System Card

DD-Agents is a forensic M&A due-diligence pipeline: it analyzes a contract data room with specialist AI agents, enforces deterministic quality gates, and produces cross-domain HTML and Excel reports that advisors verify and act on.

This card describes the safety, anti-hallucination, and auditability posture of the agent layer. It is intentionally short and points to authoritative source files rather than restating them.

Agent roster and tool posture

The active agents are exactly the specialists registered in agents/registry.py (built-in specialists plus any installed via the dd_agents.specialists entry-point group), alongside the governance and synthesis agents the pipeline spawns. Use dd-agents agents list to see the live roster for a given config — this card does not hardcode the set.

Agents run with a least-privilege, read-only-by-default tool posture (Rule-of-Two: read documents, write findings, nothing else). The shared safety floor (CRITICAL_CONSTRAINTS in agents/prompt_constants.py) forbids spawning sub-agents and forbids the Bash/shell tool. Pre-tool-use hooks (hooks/) enforce allow/block decisions on every tool call, so the posture is mechanically enforced, not merely requested in prose.

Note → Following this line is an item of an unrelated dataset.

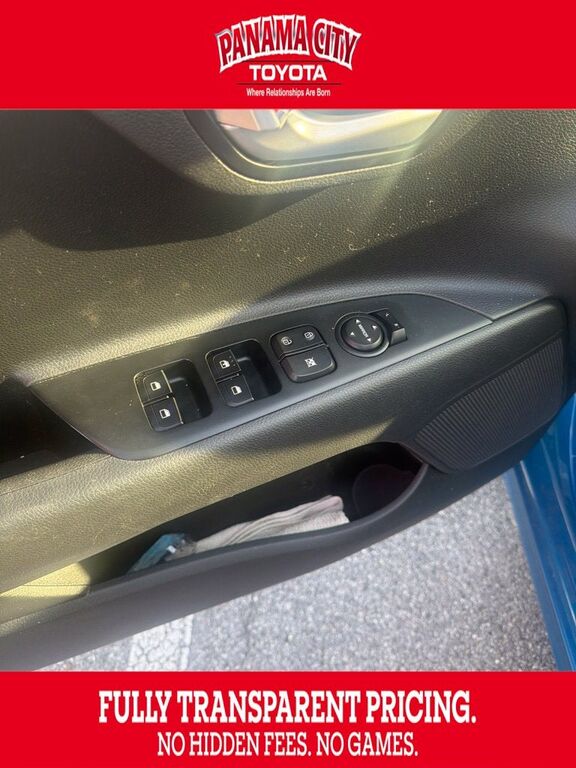 2023 KIA Rio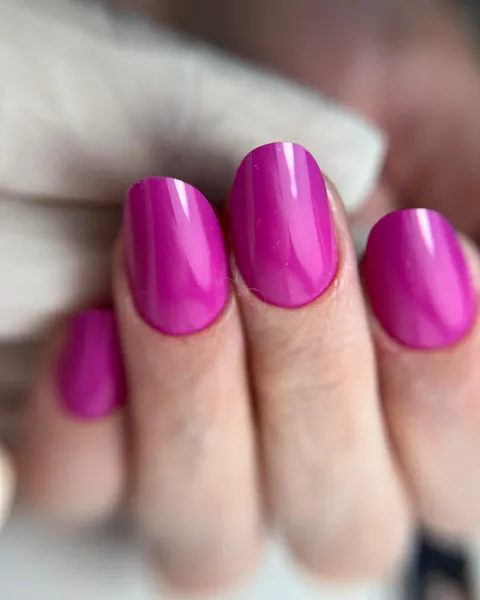 Uñas cortas redondeadas en tono fucsia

Inspect any agent's persona, focus areas, and enforced safety floor:

dd-agents agents describe --agent legal

Anti-hallucination layers

These layers are independent and stack:

Citation mandate. Every finding must carry an exact_quote copied verbatim from a real source document. A finding with no citation is automatically downgraded at merge. The mandate is part of the non-removable safety floor (build_citation_mandate() in agents/prompt_constants.py).
Anti-fabrication rule. NO_FABRICATION requires agents to answer only from the provided documents and emit NOT_FOUND (or leave a field empty) rather than speculate, interpolate, or invent values, names, or citations.
Single severity authority. resolve_severity() in reporting/severity_resolver.py decides each finding's final severity once, deterministically, recording an auditable severity_chain. This removes the prior ambiguity of severity being set in several uncoordinated places.
Numerical audit. A deterministic validation gate re-derives numeric values and counts from source files (validation/numerical_audit.py); the pipeline is fail-closed on audit failure.

Severity calibration thresholds are centralized in agents/severity_thresholds.py so prompt prose and validation agree on a single set of numbers.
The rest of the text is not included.